━━━ The data ━━━

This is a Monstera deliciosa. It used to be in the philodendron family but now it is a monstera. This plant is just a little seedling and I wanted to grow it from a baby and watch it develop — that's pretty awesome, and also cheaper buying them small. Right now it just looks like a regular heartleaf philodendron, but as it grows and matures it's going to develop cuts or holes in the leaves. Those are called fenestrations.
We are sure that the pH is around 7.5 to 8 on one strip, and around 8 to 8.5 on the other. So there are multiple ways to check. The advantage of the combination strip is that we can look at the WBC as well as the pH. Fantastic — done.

━━━
━━━ The data ━━━

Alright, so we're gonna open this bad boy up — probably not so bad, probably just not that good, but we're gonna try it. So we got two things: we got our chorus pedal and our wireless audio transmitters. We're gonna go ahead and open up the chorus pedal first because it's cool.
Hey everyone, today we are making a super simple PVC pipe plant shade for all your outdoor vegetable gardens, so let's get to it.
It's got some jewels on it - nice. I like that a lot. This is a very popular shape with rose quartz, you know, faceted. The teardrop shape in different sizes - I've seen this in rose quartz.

━━━
━━━ The data ━━━

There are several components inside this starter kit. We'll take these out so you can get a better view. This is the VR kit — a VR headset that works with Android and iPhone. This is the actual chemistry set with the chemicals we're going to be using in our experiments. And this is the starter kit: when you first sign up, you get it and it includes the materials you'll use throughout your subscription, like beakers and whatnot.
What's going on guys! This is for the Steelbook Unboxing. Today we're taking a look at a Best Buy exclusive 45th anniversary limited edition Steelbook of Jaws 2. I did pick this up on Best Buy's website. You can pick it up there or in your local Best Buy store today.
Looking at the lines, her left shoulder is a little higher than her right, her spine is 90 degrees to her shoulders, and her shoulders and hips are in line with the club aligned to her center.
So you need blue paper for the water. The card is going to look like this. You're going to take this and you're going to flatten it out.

━━━

#### Required action
Which of the lines above include the word "plant"? List those lines.

#### Reply to the task
This is a Monstera deliciosa. It used to be in the philodendron family but now it is a monstera. This plant is just a little seedling and I wanted to grow it from a baby and watch it develop — that's pretty awesome, and also cheaper buying them small. Right now it just looks like a regular heartleaf philodendron, but as it grows and matures it's going to develop cuts or holes in the leaves. Those are called fenestrations.
Hey everyone, today we are making a super simple PVC pipe plant shade for all your outdoor vegetable gardens, so let's get to it.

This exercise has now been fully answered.